# The task
Which lines below include "window"? Copy them all.

# Data in this exercise
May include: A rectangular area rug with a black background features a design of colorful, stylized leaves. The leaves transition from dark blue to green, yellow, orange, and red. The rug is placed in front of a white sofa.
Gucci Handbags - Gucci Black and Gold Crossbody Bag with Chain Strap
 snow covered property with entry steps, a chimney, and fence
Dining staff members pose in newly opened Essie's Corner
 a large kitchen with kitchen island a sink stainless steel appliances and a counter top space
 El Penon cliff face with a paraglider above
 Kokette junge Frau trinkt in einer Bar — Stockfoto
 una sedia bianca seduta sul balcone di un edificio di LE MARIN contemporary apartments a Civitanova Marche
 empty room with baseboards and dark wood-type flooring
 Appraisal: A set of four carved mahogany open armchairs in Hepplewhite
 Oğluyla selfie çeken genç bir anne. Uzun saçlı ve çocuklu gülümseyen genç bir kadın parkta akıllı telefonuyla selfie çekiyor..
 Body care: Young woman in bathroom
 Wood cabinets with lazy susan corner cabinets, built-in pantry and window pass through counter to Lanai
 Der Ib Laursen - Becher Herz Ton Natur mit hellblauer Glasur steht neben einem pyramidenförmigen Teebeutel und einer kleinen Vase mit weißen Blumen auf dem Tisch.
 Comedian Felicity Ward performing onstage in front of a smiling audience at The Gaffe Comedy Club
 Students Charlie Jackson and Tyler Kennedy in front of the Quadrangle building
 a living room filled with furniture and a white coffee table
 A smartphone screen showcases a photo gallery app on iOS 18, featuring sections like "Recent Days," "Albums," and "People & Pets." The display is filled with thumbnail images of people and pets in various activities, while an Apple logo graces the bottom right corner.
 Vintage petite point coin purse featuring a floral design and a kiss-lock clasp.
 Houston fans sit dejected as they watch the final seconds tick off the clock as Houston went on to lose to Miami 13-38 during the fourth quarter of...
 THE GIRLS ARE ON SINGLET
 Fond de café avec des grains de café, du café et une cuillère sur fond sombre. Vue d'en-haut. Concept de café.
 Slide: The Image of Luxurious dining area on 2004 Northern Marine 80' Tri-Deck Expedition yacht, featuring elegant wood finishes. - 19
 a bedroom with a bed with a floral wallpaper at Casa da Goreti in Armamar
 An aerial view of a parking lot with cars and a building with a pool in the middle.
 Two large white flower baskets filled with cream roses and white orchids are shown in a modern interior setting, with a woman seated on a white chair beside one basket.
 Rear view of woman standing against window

# Solution
 Wood cabinets with lazy susan corner cabinets, built-in pantry and window pass through counter to Lanai
 Rear view of woman standing against window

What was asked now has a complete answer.